We first reported the recruitment of Fas/CD95 receptor in lipid rafts as a new way to regulate apoptosis in cancer cells, thus identifying lipid rafts as a novel therapeutic target. This finding opened a new therapeutic approach in cancer treatment, and we are devoted to uncover the role of lipid rafts in regulating cell death and survival. We have coined the term CASMER, as an acronym for “cluster of apoptotic signaling molecule-enriched rafts”, to refer to the recruitment of death receptors together with downstream apoptotic signaling molecules in aggregated rafts, thus leading to a raft-based supramolecular entity playing a major role in apoptosis regulation. We are mainly involved in the study of the mechanism of action of APLs as anticancer drugs against both hematological and solid tumors, especially the ether phospholipid edelfosine, which is considered as the first lipid raft-targeted drug. Furthermore, major interests in our lab also include the search for new drugs and therapeutic targets in pancreatic cancer, as well as the elucidation of the role of cancer stem cells in pancreatic cancer, and other additional gastrointestinal cancers, as a major target in cancer therapy. In addition, we are studying neutrophil development to understand how a proapoptotic phenotype is generated. We are also analyzing new pro-cell death routes in additional biological systems, including yeast and C. elegans, which in turn are being used as model organisms to uncover the mechanism of action of APLs. Overall, our major focus is the identification of novel targets, and the design of new therapeutic agents and approaches, to eventually induce the onset of cell death in tumor cells as an apoptosis- or cell death-targeted therapy in cancer. Particular emphasis is placed on the role of subcellular structures, including lipid raft membrane domains, endoplasmic reticulum and mitochondria, as major targets for cancer therapy and in the mechanism of action of APLs. In addition, we are analyzing how APLs can promote distinct types of cell death in different cancer cells, and trying to understand the triggers and signaling cross-talk controlling cell death commitment. As a result of the ability of edelfosine to promote cell death in different biological systems, we are also studying the underlying mechanisms involved in the antiparasitic action of this ether lipid.

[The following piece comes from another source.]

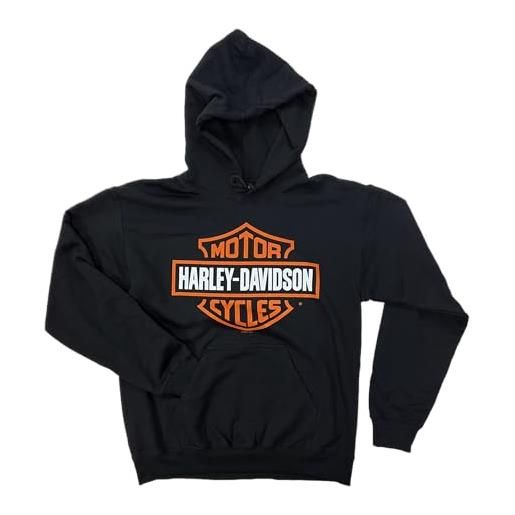 Harley-Davidson® felpa da uomo bar & shield con cappuccio, nero 40290932, nero, x-large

– Characterization and role of membrane rafts in apoptosis induction and cancer chemotherapy.
– Functional relationship between membrane rafts and subcellular structures affecting cell fate.

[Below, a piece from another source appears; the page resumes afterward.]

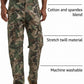 Cargo Hunting Pants with Stretch Twill Fabric and Six Pockets for Men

– Lipid metabolism in cancer cell development and therapy.
– Search for novel anticancer drugs targeting cell death in tumor cells.

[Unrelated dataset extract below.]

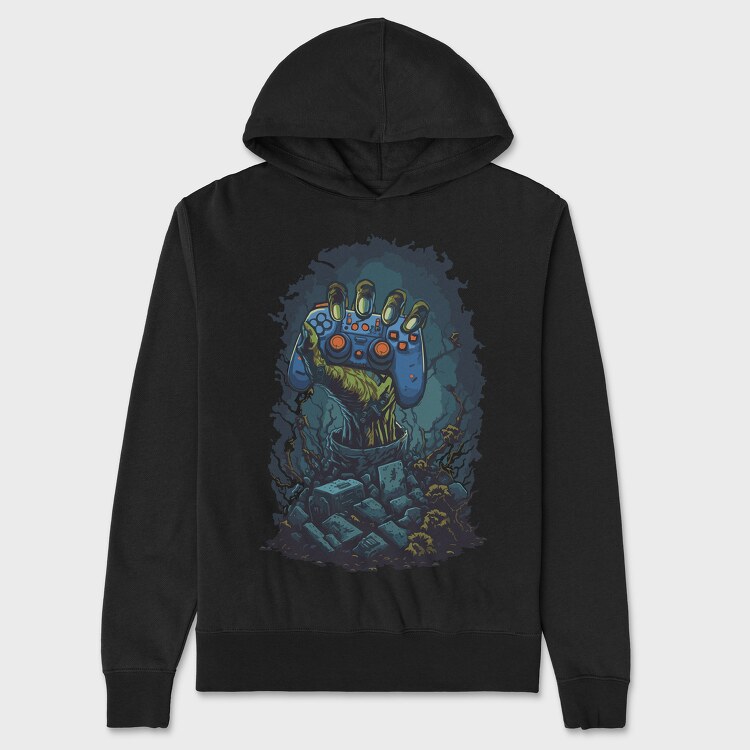 Zombie Gaming Hand, Unisex Men's Hoodie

– Mechanism of action of antitumor ether lipids (also known as alkylphospholipid analogs, APLs) as pro-cell death agents against cancer cells. Identification of distinct types of cell death induced by APLs.
- Analysis of cell death in cancer stem cells and cancer stem cell targeting in cancer therapy.
– Role and mechanisms of action of antitumor APLs as drugs for additional biomedical applications (inflammatory diseases, leishmaniasis, additional parasitic diseases).
– Inflammation and cancer relationship.
– Role of neutrophils and arginase in cancer.
– Neutrophils as a model system for the search of new therapeutic targets in cancer.
– Targeting of cancer stem cells.
– Use of additional biological systems (yeast, Caenorhabditis elegans) to uncover new signaling routes regulating cell death and to study the mechanisms of action of APLs and additional anticancer drugs.